------ INPUT DATA ------

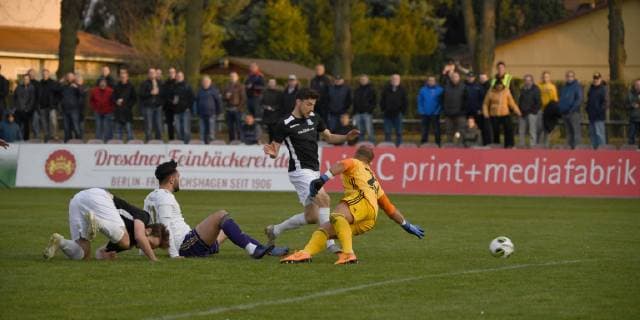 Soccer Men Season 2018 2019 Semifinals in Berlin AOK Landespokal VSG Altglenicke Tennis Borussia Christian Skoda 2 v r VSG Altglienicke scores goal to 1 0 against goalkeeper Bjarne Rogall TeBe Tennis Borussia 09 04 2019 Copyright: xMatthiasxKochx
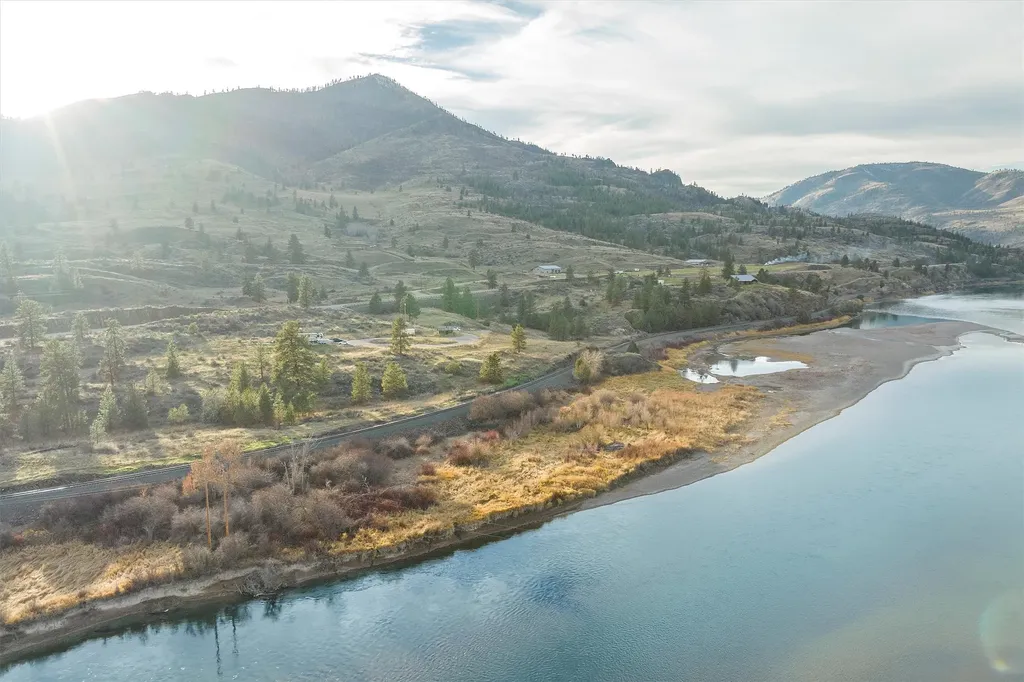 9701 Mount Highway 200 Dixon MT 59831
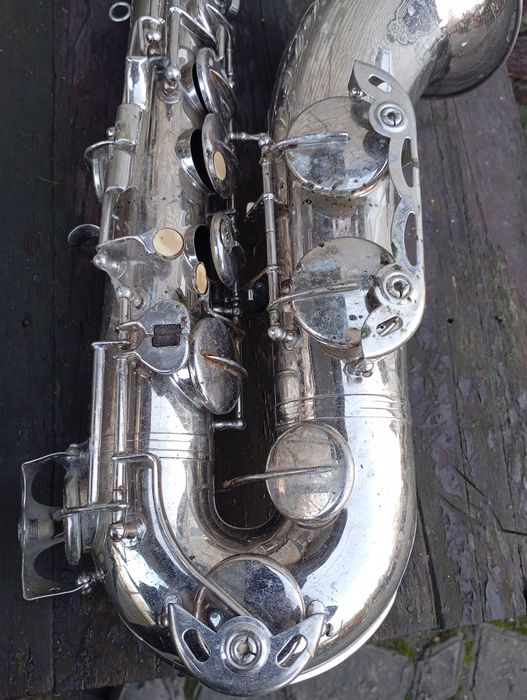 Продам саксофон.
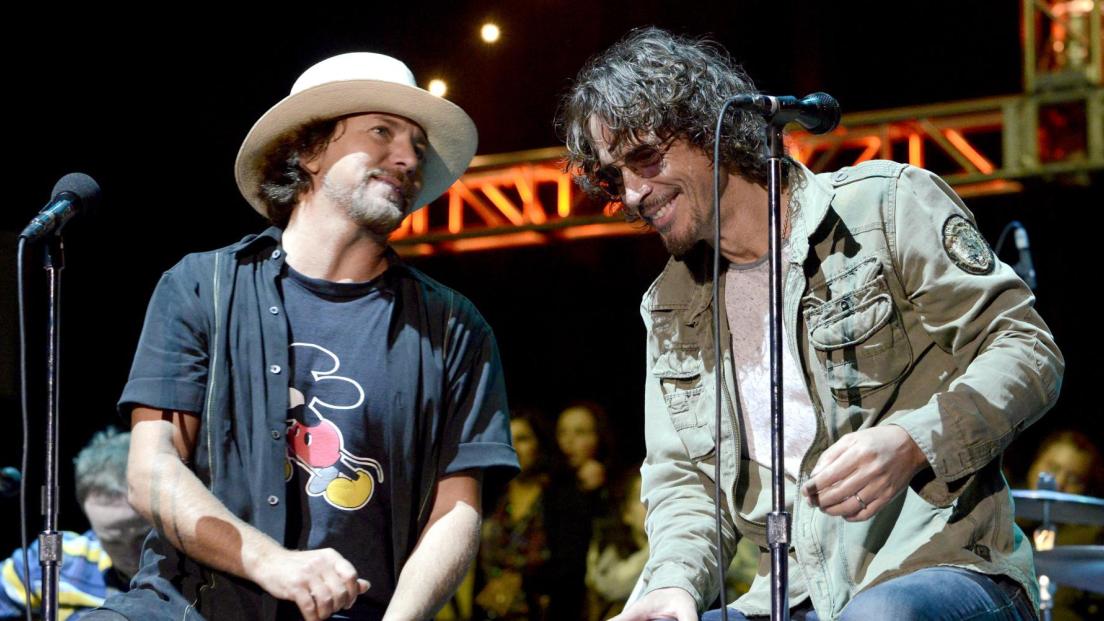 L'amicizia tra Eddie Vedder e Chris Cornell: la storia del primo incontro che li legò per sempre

------

Set down the material above as is, without any pictures.

 Soccer Men Season 2018 2019 Semifinals in Berlin AOK Landespokal VSG Altglenicke Tennis Borussia Christian Skoda 2 v r VSG Altglienicke scores goal to 1 0 against goalkeeper Bjarne Rogall TeBe Tennis Borussia 09 04 2019 Copyright: xMatthiasxKochx
 9701 Mount Highway 200 Dixon MT 59831
 Продам саксофон.
 L'amicizia tra Eddie Vedder e Chris Cornell: la storia del primo incontro che li legò per sempre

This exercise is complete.